►
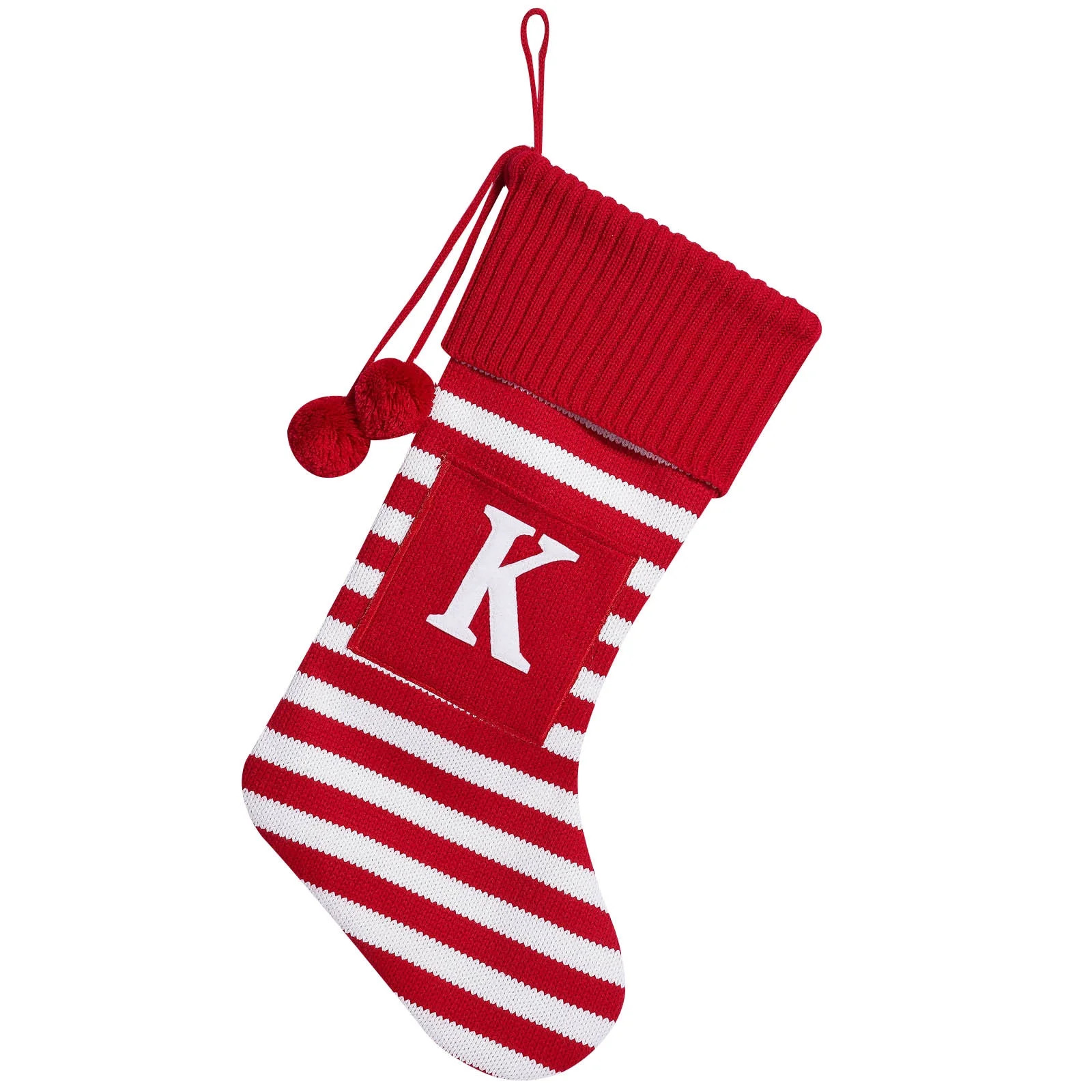 Qocolhg 20 Inch Initial Monogram Embroidered Christmas Stocking Striped knitted Christmas Decorat... | Walmart (US)
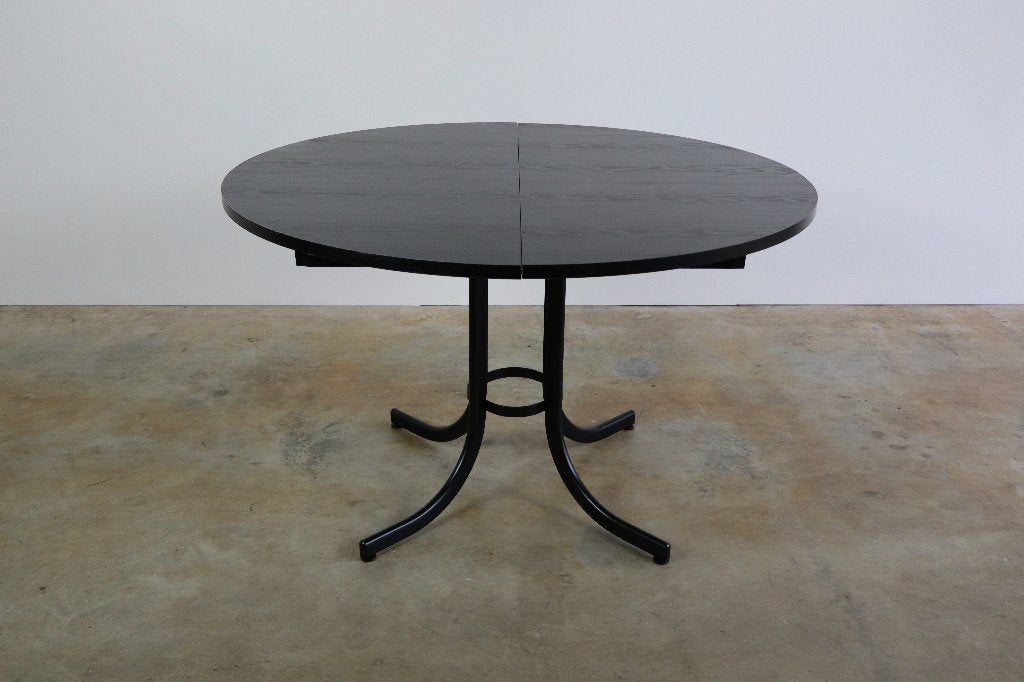 Vintage uitschuifbare ronde eettafel zwart ø 120cm -160cm, Gebruikt, Molenakkerstraat 10b, Modern vintage design, Rond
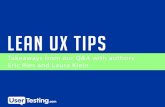 Lean UX Tips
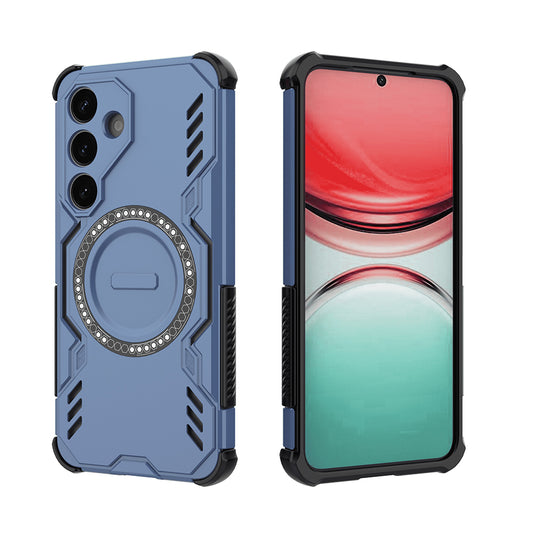 MagSafe калъф за Samsung Galaxy S25 FE, Techsuit, ArmorMag, син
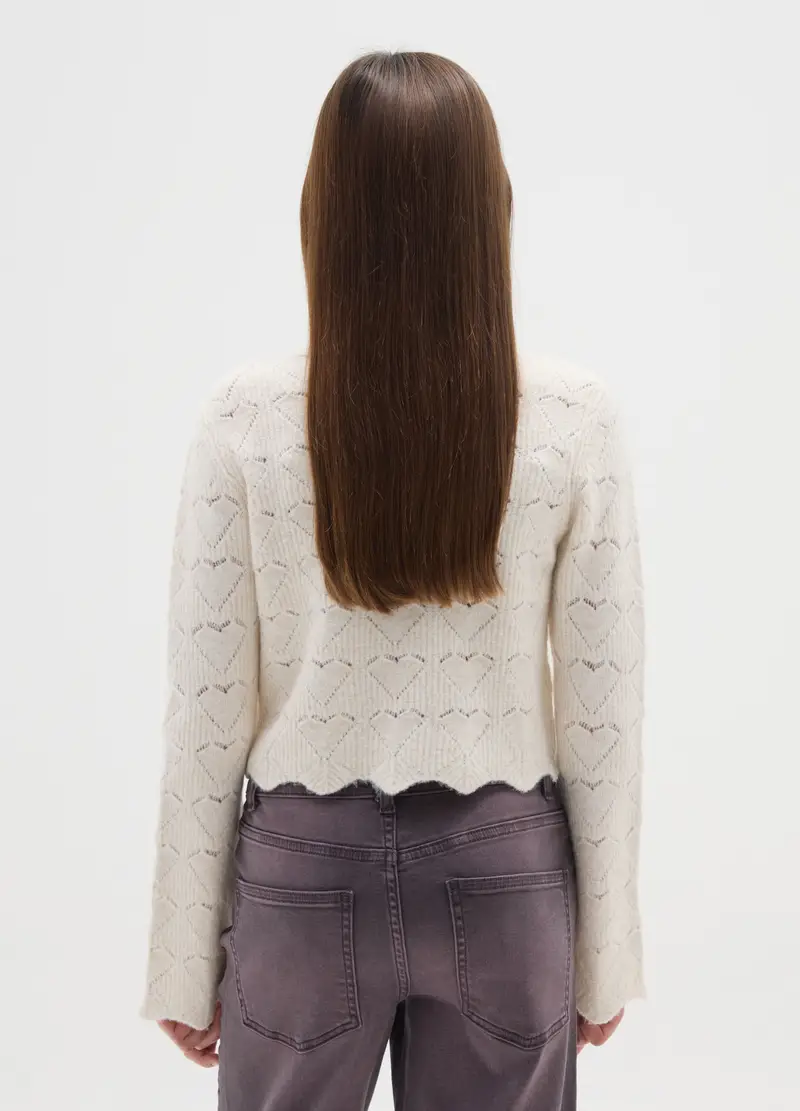 Maglione Beige Con Lavorazione A Cuore, Bambina, Beige miniatura 2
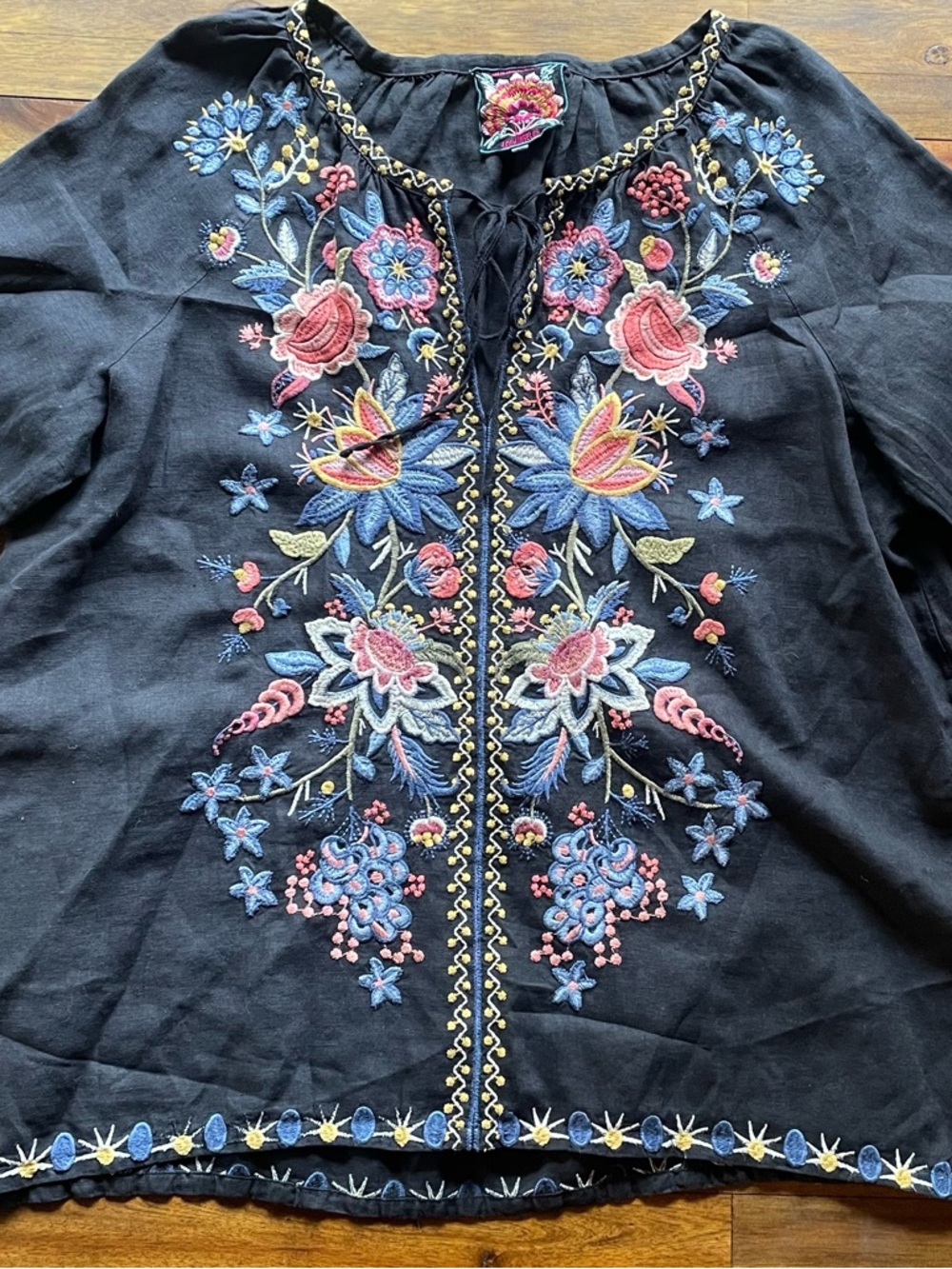Johnny Was Black Embroidered Floral Blouse with Pink Blue Yellow Accents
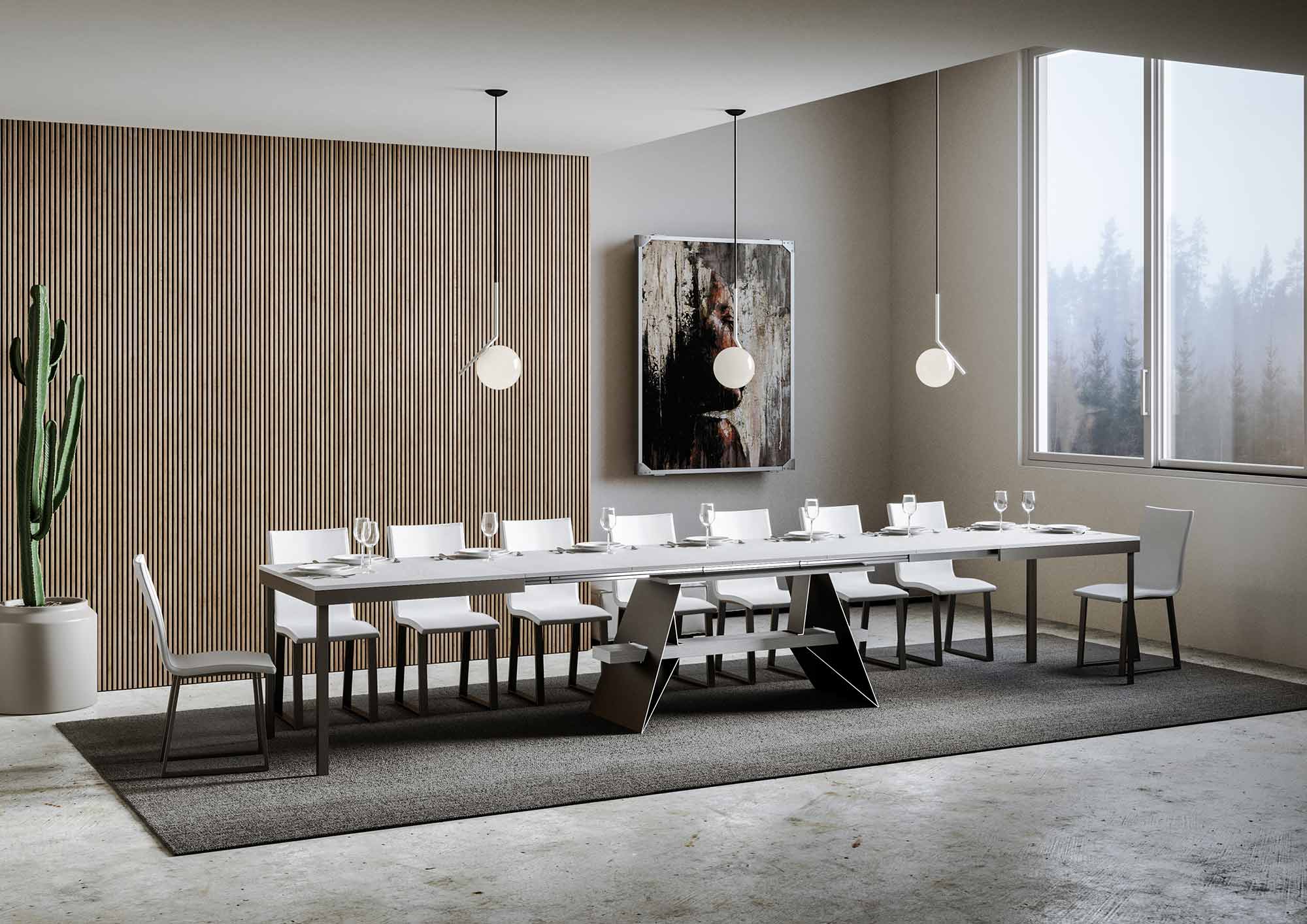 Tavolo Allungabile 160-420x90x77 cm Baita Evolution Bianco Frassino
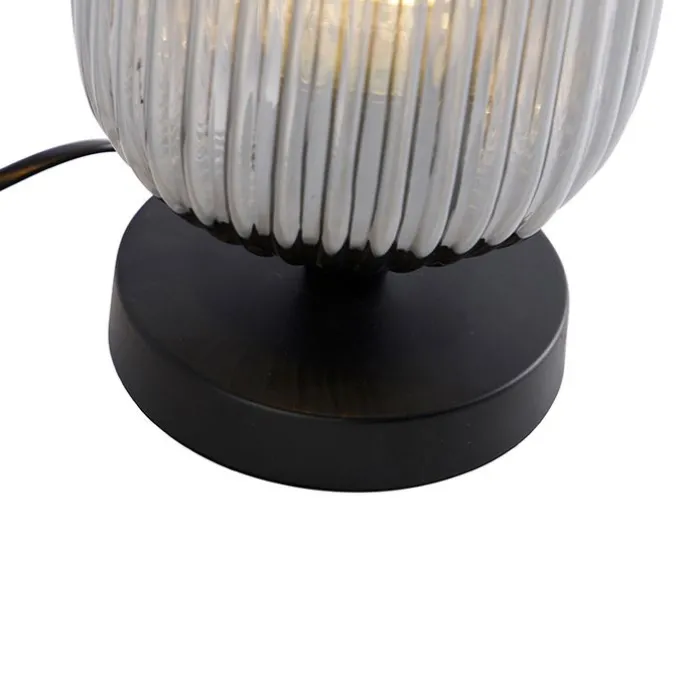 Art Deco Tischlampe schwarz mit Rauchglas - Banci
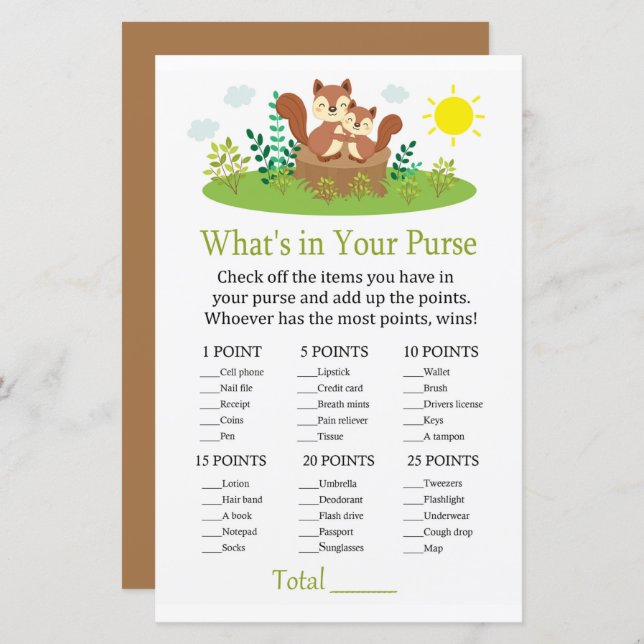 Esquilo Bonito O que há no seu jogo (Frente/Verso)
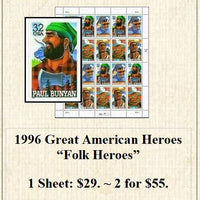 1996 Great American Heroes “Folk Heroes” Stamp Sheet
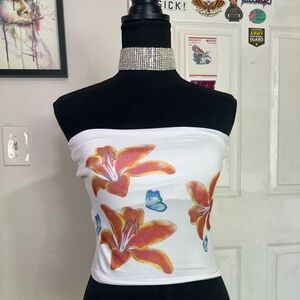 Floral Tube Top - White with Orange and Blue Accents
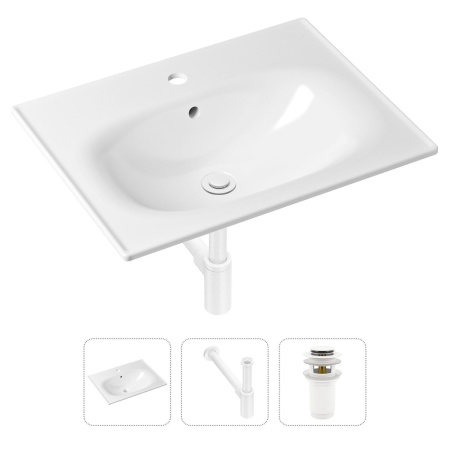 Комплект 3 в 1 Lavinia Boho Bathroom Sink 21520445: врезная фарфоровая раковина 60 см, металлический сифон, донный клапан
◄
— What the task asks —
Reprint the data verbatim, pictures excluded.

— Solution to this exercise —
 Qocolhg 20 Inch Initial Monogram Embroidered Christmas Stocking Striped knitted Christmas Decorat... | Walmart (US)
 Vintage uitschuifbare ronde eettafel zwart ø 120cm -160cm, Gebruikt, Molenakkerstraat 10b, Modern vintage design, Rond
 Lean UX Tips
 MagSafe калъф за Samsung Galaxy S25 FE, Techsuit, ArmorMag, син
 Maglione Beige Con Lavorazione A Cuore, Bambina, Beige miniatura 2
Johnny Was Black Embroidered Floral Blouse with Pink Blue Yellow Accents
 Tavolo Allungabile 160-420x90x77 cm Baita Evolution Bianco Frassino
 Art Deco Tischlampe schwarz mit Rauchglas - Banci
 Esquilo Bonito O que há no seu jogo (Frente/Verso)
 1996 Great American Heroes “Folk Heroes” Stamp Sheet
 Floral Tube Top - White with Orange and Blue Accents
 Комплект 3 в 1 Lavinia Boho Bathroom Sink 21520445: врезная фарфоровая раковина 60 см, металлический сифон, донный клапан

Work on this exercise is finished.